Thursday, August 30, 2012

teeter totter

I need to stop fighting with daniel. its all my fault. i just don't want to marry him all the time and then the rest of the time i'm like "ohmyfreakinggosh i can't wait to marry that boy."
how can this be?
and what do i do about it?
back and forth like a teeter totter.

anyhow my tutoring job starts up on monday and i'm excited about it. and nervous. on mondays and wednesdays from 2:00 to 4:30 i am in the library ready to help anyone who comes by with comp or humanities. what if i'm bad at it? that then? will i lose my job?
like i said. I'm nervous. but also excited because it means that i'll start making money finally.

Tuesday, August 28, 2012

everybody else's girl

I'm sick of being everybody elses girl. maybe one day I'll be my own. I don't want to be anyones anything.
i'm sick of labels. I'm sick of being known. i just want to retreat into myself.

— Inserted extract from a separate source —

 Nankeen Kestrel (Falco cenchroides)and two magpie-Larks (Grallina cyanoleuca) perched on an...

but i can't thats the weak way out.

I'm going to tough this out and be everybody else's girl.

I'm falling down as the winter surrounds me. i'm drowning in soft snow.

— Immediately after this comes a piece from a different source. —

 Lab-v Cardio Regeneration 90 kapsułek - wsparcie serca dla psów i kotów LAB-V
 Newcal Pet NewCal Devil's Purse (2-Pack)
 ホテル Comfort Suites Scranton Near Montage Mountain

(look up Girl by Tori Amos)


Years go by 
Will I still be waiting
For somebody else to understand
Years go by
If I'm stripped of my beauty
And the orange clouds
Raining in head
Years go by 
Will I choke on my tears
Till finally there is nothing left
One more casualty
You know we're too easy Easy Easy
~ Silent all these years by Tori Amos

Sunday, August 26, 2012


My dearest Daniel,

I want to apologize. I shouldn’t have freaked out today. I do want to marry you. And I hope you still know that.

All my love,
Ren

Saturday, August 25, 2012

what I'm trying to say is: please don't hate me


My Dearest Daniel,
Theres a certain stillness that comes over the world at two am. I wish I could bottle it and drink of it when I have need, like tonight.
I want to say that I shouldn’t have freaked out. I might as well have crumpled the roses you gave me and stomped on them. I feel like I’m now picking up the bruised petals of a once beautiful bouquet.
The moment you were gone, a million reasons why I love you and am with you rushed to my tongue. I felt alone. I felt cold. I missed your level-headed replies that you give me when I get like this. I know that I will have doubts but that you’re worth working through them for. I’m willing to struggle with anything to be with you. I want you to know that you’re precious to me.
We had a beautiful day today, even though it ended badly.  I cannot express the remorse I’m feeling for what I said. It’s as though I ripped apart a priceless painting. JK Rowling wrote that the pain of remorse could actually kill you (paraphrased from The Deathly Hallows) and I feel that way tonight.
I know dating a girl with bipolar disorder cannot be easy.  But if only you knew how hard I am trying. I want us to work. I want to be as solid as you. As it is, you’re the stronghold I cling to in the middle of my hurricane emotions. I can’t be a lighthouse like you, because some people are born to be little boats bounced in the sea.
What I’m trying to say is that I don’t want to ruin things between us with my wildfire mood swings.  I shouldn’t have freaked out today. I need to trust God more, trust you more. I get so anxious that I can’t hardly think straight sometimes. So please, extend grace to me about tonight. I can’t bear the thought of my life without you in it.
You’re my favorite,
Ren

Thursday, August 23, 2012

Falling

I'm falling in love
with my boyfriend
all over again.

I'm falling into
hope of a future
all over again

I'm falling down
into a rut of love
can I get out again?

I'm falling into memories
of a past life
will i do that again?

I'm falling into old nightmares
of dark days, haunting nights
All over again

I'm falling out of
memory lane and remembering
my boyfriend again

I'm falling into happiness
of rings and dreams
all over again



Wednesday, August 22, 2012

Home sweet school

First day of classes
in my pink dress
white lace leggings
a stripy scarf

adorable

first day of classes
book bags weighed down
reunion smiles everywhere
and stressed freshmen

home

Saturday, August 18, 2012

Baseball caps


Why am I still scared of guys in baseball caps?
He stalked me. so what? the police fixed the situation. Its over. that chapter of horrific fear and anxiety is done. So why does every guy of his height and stature in a baseball cap make me start shaking and send rivers of fear down my spine?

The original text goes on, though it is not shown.